Just about at the time that climate negotiators started packing their suitcases and boarding planes to Durban for the United Nations Framework Convention on Climate Change’s seventeenth Conference of the Parties (COP17), the Paris-based International Energy Agency (IEA) released troubling figures. Data published by the agency earlier in November showed greenhouse gas emissions were at record levels in 2010: 30.4 gigatonnes of carbon dioxide escaped into the atmosphere last year – 1.6Gt (5,3%) more than in 2009, pushing carbon levels to their highest levels yet.
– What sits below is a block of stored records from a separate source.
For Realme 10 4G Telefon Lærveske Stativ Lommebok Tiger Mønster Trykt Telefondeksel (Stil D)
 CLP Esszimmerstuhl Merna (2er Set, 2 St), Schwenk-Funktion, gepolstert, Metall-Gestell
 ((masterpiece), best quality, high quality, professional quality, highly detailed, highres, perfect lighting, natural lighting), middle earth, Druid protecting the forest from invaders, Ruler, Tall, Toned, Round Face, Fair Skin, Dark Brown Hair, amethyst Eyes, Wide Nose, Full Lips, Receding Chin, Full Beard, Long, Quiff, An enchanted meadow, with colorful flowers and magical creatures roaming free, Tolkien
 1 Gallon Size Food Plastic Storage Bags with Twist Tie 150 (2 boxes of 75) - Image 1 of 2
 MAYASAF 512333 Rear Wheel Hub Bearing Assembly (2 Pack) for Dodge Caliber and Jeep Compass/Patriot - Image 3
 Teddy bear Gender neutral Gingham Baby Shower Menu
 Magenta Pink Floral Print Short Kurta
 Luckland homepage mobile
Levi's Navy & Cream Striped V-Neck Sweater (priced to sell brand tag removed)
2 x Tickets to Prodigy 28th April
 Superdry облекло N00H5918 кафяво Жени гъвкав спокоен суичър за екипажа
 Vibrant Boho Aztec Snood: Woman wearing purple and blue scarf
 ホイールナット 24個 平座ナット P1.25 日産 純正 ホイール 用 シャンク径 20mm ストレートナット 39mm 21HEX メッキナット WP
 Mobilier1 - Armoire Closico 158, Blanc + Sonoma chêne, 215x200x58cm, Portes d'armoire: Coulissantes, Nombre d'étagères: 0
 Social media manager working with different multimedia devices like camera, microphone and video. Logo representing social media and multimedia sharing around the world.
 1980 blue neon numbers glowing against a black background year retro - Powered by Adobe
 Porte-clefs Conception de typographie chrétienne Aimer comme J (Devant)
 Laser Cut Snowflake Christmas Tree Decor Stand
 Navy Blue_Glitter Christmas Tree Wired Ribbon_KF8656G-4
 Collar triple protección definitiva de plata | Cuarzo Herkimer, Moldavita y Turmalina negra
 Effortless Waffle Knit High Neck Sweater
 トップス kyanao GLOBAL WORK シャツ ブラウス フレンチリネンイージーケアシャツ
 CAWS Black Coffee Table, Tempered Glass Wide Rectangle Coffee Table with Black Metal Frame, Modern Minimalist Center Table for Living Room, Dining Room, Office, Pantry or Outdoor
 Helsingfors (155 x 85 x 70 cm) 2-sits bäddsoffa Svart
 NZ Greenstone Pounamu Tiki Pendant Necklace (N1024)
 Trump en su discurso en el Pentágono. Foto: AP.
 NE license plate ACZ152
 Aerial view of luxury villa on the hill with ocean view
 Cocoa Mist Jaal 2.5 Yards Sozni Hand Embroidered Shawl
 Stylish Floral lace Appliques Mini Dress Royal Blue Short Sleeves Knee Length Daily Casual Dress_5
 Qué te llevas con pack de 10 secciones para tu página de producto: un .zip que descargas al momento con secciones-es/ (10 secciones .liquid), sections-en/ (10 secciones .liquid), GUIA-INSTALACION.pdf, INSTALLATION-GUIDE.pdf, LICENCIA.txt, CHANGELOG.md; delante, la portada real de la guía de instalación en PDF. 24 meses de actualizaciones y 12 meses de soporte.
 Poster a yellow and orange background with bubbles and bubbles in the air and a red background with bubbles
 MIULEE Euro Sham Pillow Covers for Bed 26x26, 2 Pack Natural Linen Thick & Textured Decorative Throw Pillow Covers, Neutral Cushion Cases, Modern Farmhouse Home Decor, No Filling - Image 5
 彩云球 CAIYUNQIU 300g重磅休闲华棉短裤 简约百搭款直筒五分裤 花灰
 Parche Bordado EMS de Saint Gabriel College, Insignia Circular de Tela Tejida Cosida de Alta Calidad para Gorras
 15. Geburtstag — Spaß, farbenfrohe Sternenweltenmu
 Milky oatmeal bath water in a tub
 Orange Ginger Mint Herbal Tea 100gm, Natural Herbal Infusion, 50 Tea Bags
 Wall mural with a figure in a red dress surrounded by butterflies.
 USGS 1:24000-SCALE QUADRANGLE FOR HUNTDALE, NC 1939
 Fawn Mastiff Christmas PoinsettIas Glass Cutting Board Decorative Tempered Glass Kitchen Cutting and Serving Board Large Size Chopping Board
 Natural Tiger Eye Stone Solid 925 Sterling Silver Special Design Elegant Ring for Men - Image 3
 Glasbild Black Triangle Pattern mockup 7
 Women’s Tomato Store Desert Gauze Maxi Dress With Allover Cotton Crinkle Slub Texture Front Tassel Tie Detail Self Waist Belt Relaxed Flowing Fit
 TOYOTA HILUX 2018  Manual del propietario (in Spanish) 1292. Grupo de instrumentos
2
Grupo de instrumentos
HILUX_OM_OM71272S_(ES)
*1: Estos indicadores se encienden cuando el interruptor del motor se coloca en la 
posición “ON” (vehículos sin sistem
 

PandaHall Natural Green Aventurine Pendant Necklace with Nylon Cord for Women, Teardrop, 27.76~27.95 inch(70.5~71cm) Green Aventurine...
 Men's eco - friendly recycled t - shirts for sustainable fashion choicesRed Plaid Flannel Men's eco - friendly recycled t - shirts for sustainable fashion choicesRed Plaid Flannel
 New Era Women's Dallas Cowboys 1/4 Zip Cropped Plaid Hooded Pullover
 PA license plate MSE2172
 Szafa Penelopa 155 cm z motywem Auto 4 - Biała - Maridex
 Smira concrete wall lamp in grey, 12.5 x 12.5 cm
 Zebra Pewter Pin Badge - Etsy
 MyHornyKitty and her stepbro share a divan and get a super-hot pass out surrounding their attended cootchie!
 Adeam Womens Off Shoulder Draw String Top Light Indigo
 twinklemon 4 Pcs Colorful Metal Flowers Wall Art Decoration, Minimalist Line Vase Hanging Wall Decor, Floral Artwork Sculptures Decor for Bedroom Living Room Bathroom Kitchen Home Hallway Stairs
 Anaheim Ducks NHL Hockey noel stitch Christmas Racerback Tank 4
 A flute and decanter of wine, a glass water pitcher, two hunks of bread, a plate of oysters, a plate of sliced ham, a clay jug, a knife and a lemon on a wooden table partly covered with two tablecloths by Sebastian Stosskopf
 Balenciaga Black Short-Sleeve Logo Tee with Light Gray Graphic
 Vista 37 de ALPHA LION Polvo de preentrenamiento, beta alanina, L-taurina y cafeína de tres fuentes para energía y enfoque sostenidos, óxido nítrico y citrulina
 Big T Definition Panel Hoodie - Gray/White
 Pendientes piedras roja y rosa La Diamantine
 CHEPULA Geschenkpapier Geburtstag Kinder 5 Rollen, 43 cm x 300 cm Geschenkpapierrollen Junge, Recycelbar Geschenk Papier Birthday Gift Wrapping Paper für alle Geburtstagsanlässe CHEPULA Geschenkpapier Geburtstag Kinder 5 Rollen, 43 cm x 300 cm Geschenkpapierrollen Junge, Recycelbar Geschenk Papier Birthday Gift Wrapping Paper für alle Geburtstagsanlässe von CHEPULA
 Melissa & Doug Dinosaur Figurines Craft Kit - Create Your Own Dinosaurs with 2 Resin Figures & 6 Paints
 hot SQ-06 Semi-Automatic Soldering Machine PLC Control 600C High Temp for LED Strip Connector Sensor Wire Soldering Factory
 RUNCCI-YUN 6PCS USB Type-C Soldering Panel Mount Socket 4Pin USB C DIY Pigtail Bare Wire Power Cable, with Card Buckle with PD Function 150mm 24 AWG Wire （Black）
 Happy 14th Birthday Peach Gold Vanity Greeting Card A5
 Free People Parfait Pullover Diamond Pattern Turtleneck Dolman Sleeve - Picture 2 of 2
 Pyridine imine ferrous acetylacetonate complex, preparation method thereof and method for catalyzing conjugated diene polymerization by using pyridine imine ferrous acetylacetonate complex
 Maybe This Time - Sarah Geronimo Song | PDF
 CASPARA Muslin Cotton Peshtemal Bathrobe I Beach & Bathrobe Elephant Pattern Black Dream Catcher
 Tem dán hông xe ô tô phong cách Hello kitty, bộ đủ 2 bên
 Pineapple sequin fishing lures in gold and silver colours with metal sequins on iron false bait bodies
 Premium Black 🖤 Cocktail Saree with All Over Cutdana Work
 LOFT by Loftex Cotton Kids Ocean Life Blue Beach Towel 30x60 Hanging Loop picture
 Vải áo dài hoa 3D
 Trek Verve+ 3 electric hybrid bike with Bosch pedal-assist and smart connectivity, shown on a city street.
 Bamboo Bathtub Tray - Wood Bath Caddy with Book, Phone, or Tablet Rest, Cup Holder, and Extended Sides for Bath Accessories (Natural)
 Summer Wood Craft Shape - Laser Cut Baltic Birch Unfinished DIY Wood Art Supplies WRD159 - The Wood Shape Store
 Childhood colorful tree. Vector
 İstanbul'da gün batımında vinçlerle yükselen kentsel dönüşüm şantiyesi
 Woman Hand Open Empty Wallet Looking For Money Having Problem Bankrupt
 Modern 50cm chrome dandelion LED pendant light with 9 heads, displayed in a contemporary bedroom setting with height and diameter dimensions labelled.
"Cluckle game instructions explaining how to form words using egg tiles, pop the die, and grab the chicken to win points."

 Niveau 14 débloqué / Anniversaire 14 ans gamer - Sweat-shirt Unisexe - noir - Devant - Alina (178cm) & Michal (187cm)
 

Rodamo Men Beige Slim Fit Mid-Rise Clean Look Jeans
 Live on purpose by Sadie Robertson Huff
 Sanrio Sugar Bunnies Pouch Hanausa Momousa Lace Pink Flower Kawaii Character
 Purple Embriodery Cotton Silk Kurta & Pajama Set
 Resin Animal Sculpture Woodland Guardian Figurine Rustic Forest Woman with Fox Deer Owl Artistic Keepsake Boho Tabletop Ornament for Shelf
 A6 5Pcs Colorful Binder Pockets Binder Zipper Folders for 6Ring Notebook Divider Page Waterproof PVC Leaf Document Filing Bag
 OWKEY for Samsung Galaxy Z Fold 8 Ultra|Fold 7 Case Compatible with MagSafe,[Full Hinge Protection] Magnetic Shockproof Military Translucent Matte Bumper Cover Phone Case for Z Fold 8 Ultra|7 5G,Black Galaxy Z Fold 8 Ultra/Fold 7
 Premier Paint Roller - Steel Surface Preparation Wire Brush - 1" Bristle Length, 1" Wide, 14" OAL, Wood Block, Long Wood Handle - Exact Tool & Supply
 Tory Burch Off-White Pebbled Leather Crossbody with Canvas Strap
The rapid rise occurred even as economic turmoil enveloped global markets.
The data mean that one of the mainstay agreements reached at the COP 16 last year in Cancún – to limit the rise of global mean temperatures at 2 degrees Celsius compare to pre-industrial levels – is already compromised. Nicholas Stern, author of the seminal Review on the economics of climate change, for one, says IEA’s figures mean the emissions reduction trajectory is back on the “business as usual” path, which means all efforts towards curbing carbon output since the inception of negotiations have been futile.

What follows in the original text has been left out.